I'm experimenting with OCR workflows for academic PDFs on AWS and would love to hear about others' experiences. My PDFs vary, with some being scanned and others having complex layouts like multi-columns or footnotes stuffed with text. My aim is to convert these into clean Markdown. So far, I've tried three different AWS services: EC2 with OCRFlux using Docker (works well but feels wasteful for sporadic jobs), Lambda with Tesseract (limited for larger documents), and EKS with GPU nodes (complicated but scalable). I'm trying to figure out what's the best balance between cost and ease of orchestration for about 500–1000 PDFs each month. Has anyone experienced with AWS Batch or Fargate for these workloads? Additionally, has anyone considered using Textract or similar services despite layout concerns? I would appreciate insights, especially on balancing GPU-heavy tasks with keeping costs low, and experiences with OCRFlux or other cloud-based parsing solutions.
5 Answers
Have you considered AWS Rekognition? It could offer some useful capabilities for your OCR tasks!
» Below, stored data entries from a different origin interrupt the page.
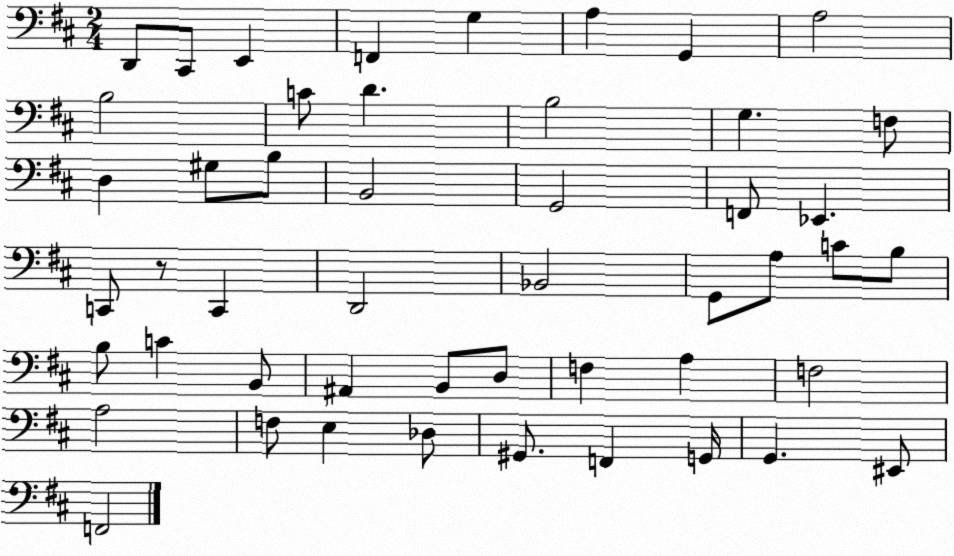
X:1
T:Untitled
M:2/4
L:1/4
K:D
D,,/2 ^C,,/2 E,, F,, G, A, G,, A,2 B,2 C/2 D B,2 G, F,/2 D, ^G,/2 B,/2 B,,2 G,,2 F,,/2 _E,, C,,/2 z/2 C,, D,,2 _B,,2 G,,/2 A,/2 C/2 B,/2 B,/2 C B,,/2 ^A,, B,,/2 D,/2 F, A, F,2 A,2 F,/2 E, _D,/2 ^G,,/2 F,, G,,/4 G,, ^E,,/2 F,,2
Have you explored Textract or Mistral OCR? Depending on the types of layouts you're dealing with, they might be worth looking into.
Have you thought about using Amazon Textract? It might simplify things for you right from the start, especially with its layout handling capabilities. Just curious why it wasn't your first choice!
If GPU isn't a necessity, I’d recommend trying trigger.dev. They have machines with 16 GB of RAM that support queuing. Using it for single document OCR hasn't required GPU for us, and it’s been pretty efficient.
Using an open-source project that doesn't depend on GPU could work too! You can go with Textractor, but remember it only extracts data, so you’d need to script the transformation to Markdown yourself, which can be a hassle if you're dealing with complex layouts. An open-source library that does this would save you some headaches!
I did consider Textract but wasn't sure it could handle some complex layouts I deal with.